Wednesday, June 11, 2014

Dust to Dust

Dust by Kaptain Kobold, on Flickr


Life, lovely while it lasts, is soon over.
Life as we know it, precious and beautiful, ends.
The body is put back in the same ground it came from.
The spirit returns to God, who first breathed it.
-Ecclesiastes 12:6-7 (MSG)
There is a time in everyone's life when we hit a wall. All of our actions, our relationships, our work are suddenly up for question as we turn the scales we usually reserve for others upon ourselves. Putting each building block of our life upon the scales we are faced with our own imminent mortality and the seeming triviality of our pursuit.

We will amount to nothing, leaving nothing behind that was not present before.
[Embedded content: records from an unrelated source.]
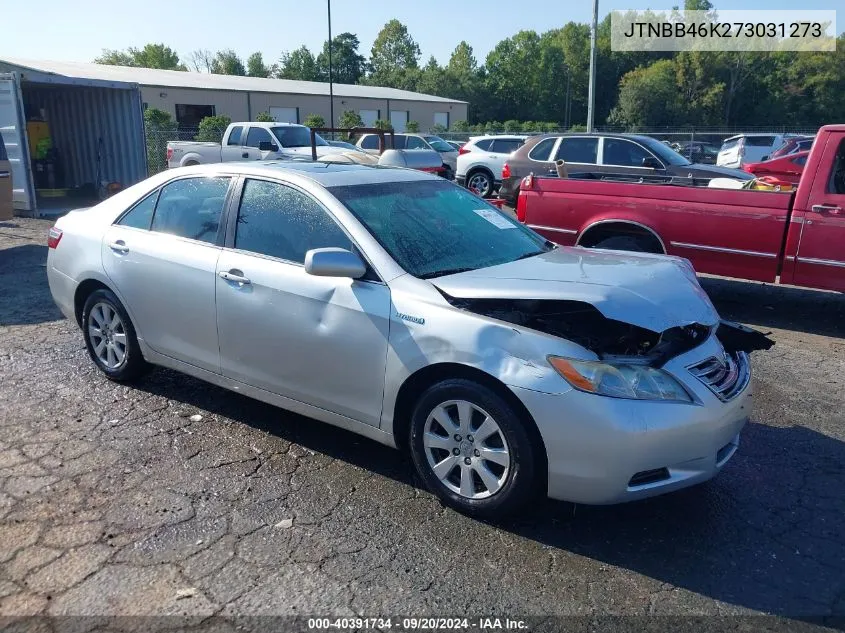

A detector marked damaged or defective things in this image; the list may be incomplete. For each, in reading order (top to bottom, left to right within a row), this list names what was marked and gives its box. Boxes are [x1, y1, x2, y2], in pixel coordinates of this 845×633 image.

crushed hood [432, 247, 716, 334]
front-end collision damage [438, 290, 776, 362]
cracked headlight [548, 354, 692, 402]
damaged bumper [508, 334, 752, 506]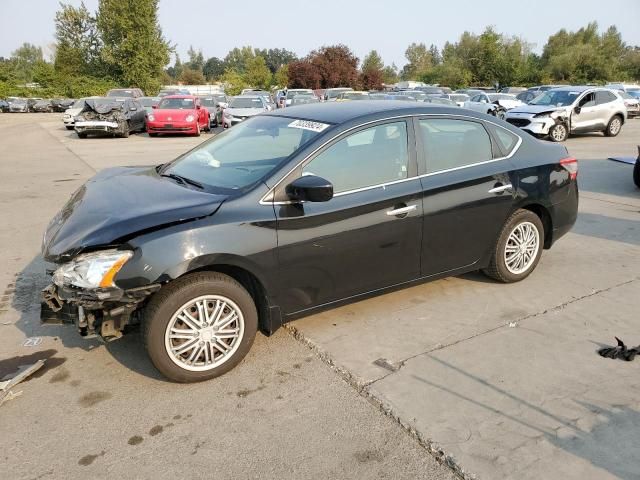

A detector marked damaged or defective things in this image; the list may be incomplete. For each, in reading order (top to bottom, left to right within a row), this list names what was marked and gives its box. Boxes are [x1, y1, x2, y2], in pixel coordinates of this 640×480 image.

exposed wheel well [524, 203, 552, 249]
damaged front bumper [41, 282, 161, 342]
exposed wheel well [188, 264, 272, 332]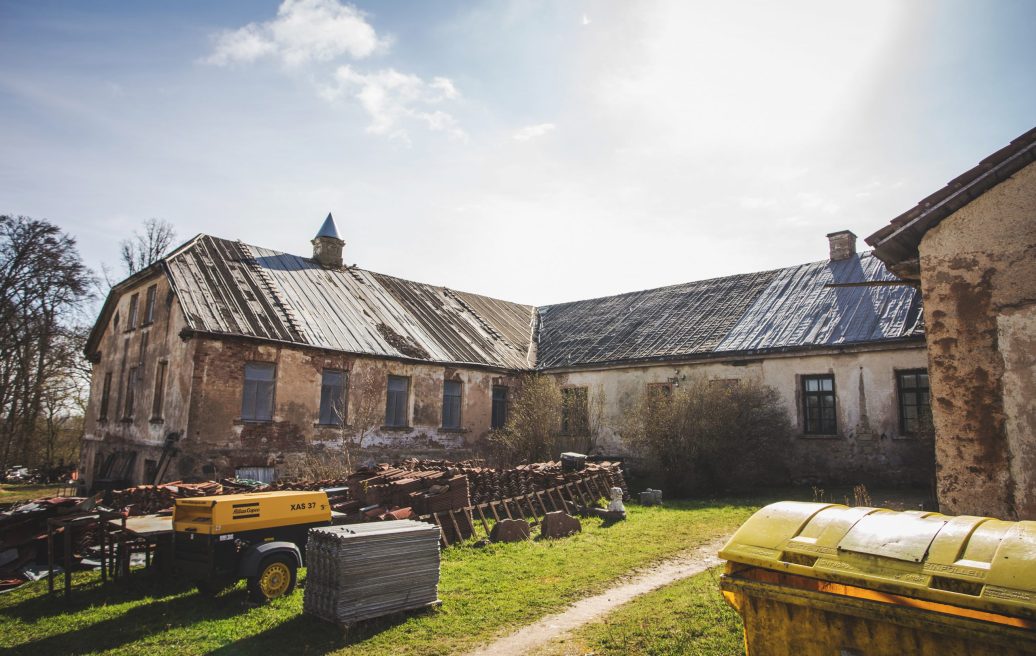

The weight of the world comes crashing down on us like a skyscraper collapsing, where can we find relief? Where is there hope in the rubble? We are left coughing and blind from the debris invading our lungs and scratching our eyes. Left here for too long, we will succumb to the inevitable and be forgotten by the broader world, a phrase erased from a chalkboard.

In those moments when our legs buckle and our vision dims as we find ourselves clawing at the pavement to find relief that God extends us a hand. "Come, I will show you a different way." From the very beginning, we were nothing but dust, shaped and formed by the hands of God. As our form took shape, it was He who breathed our first breath into us and gave us a significance.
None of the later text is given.